Mais advoga que não existindo nos presentes autos pedido de extradição do aqui Requerido, formulado pelo Reino do Camboja, nem pedido fundamentado de prorrogação do prazo para vir a apresentar o pedido formal de extradição nem existindo informação de que aquele Estado irá efectivar tal pedido no prazo legal (existindo, isso sim, informação expressa em sentido contrário), deverá, de harmonia com o disposto nos Art.ºs 38.°, n.° 5 e 64.°, n.° 3 da LCJIMP, e dos Art.ºs 27.°, n.ºs 1 e 3 al. c) e 31.° da CRPortuguesa, bem assim como do Art.° 222.°, n.ºs 1 e 2 al. c) do CPPenal, ser deferida a presente petição de habeas corpus e, consequentemente, ser declarada ilegal a sua prisão e, de imediato, ser ordenada a sua restituição à liberdade.

Cabe-nos a nós, neste domínio, informar a presente providência com o destaque sobre as condições em que foi efectuada ou se mantém a detenção do aqui requerido, ora peticionante, após a sua audição nos termos do n.º 2 do Art.º 62.º, ex vi Art.º 64.º da mencionada LCJIMP.

Não se deixará de referir, desde já, que a defesa do arguido se demonstra infundada nesta sua providência, repetindo aqui requerimento anteriores, sendo que um deles veio a ser oportunamente apreciado e decidido e, um outro, entrado no dia de ontem, encontra-se com vista aberta com abertura de contraditório ao Ministério Público.

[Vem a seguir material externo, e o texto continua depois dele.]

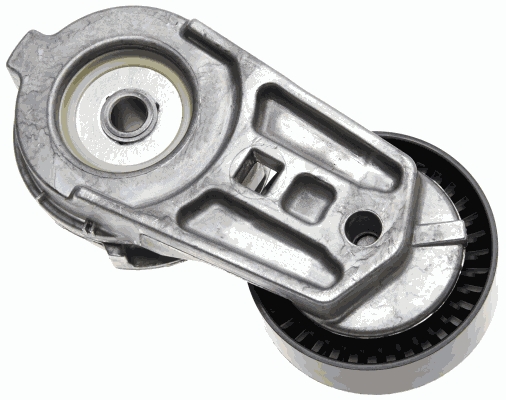 Gates Spanner poly V-riem T39269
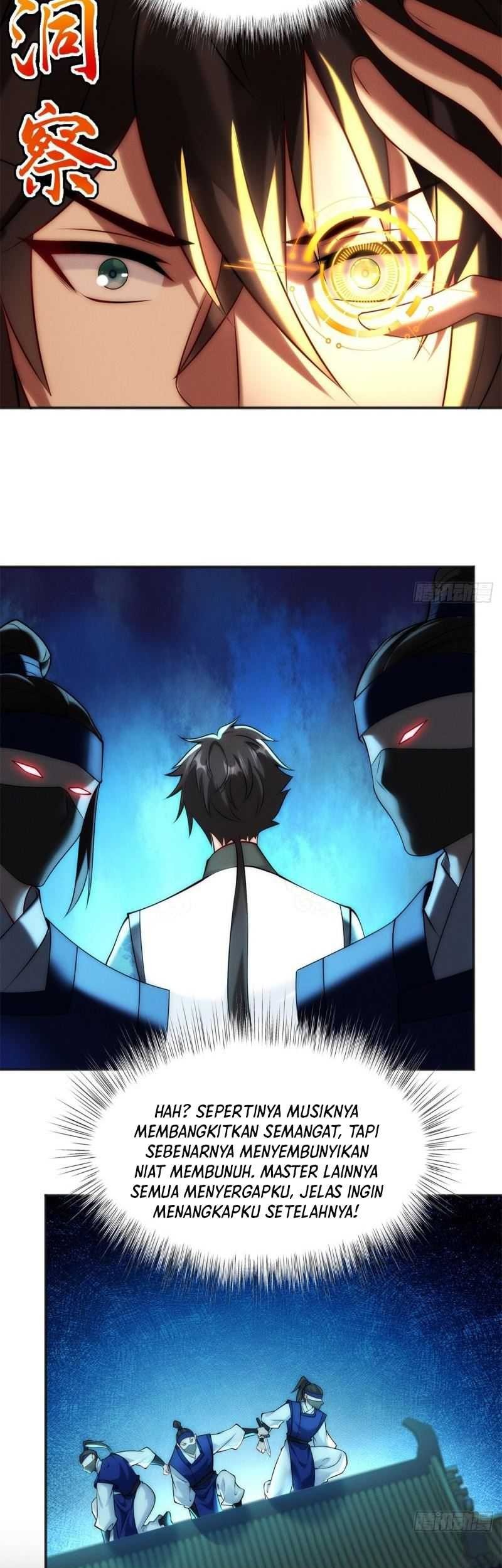 Reward 100 Million Lives at the Beginning Chapter 50 - halaman 16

Assim, informa-se esse colendo Supremo Tribunal de Justiça, que o aqui requerido foi detido a 15 de Março de 2021, pela Polícia Judiciária, em ....., ao abrigo de um mandado de detenção internacional emitido pelas autoridades judiciárias do Reino do Camboja, inserido no Sistema de informação da Interpol a 18 de Maio de 2016 (Red Notice Control n.° A-4400/5-2016, File n.º 2016/31229).

Segundo a aludida Red Notice, as autoridades do Reino do Camboja comprometeram-se a efectuar o pedido de extradição, uma vez efectivada a detenção do Requerido.

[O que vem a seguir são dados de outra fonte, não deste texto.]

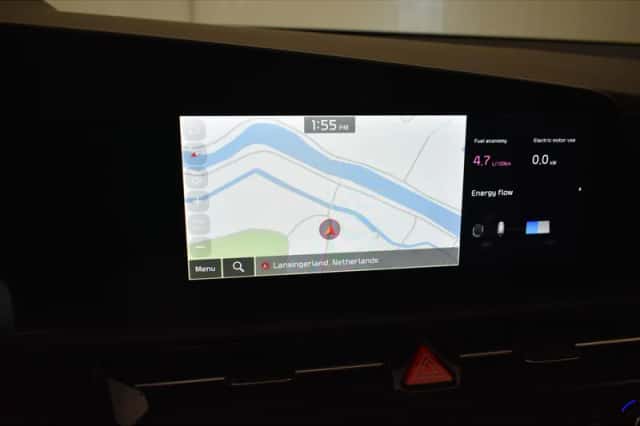 Kia Niro (2024) thumbnail 6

Em 17/3/2021, após a audição do requerido junto desta Relação de Lisboa, observados os trâmites legais, a detenção não directamente solicitada foi validada e foi determinada a manutenção da sua detenção provisória em estabelecimento prisional, ficando os autos a aguardar pela instrução e formalização do pedido de extradição nos prazos a que alude o Art.º 64.º, n.º 3 da LCJIMP.

Após isso, em 26/3/2021, o NCB do Camboja informou o NCB de Lisboa que iria proceder de acordo com a informação de cooperação em causa, nos moldes que se documentam nos autos, por e-mail remetido a esta Relação.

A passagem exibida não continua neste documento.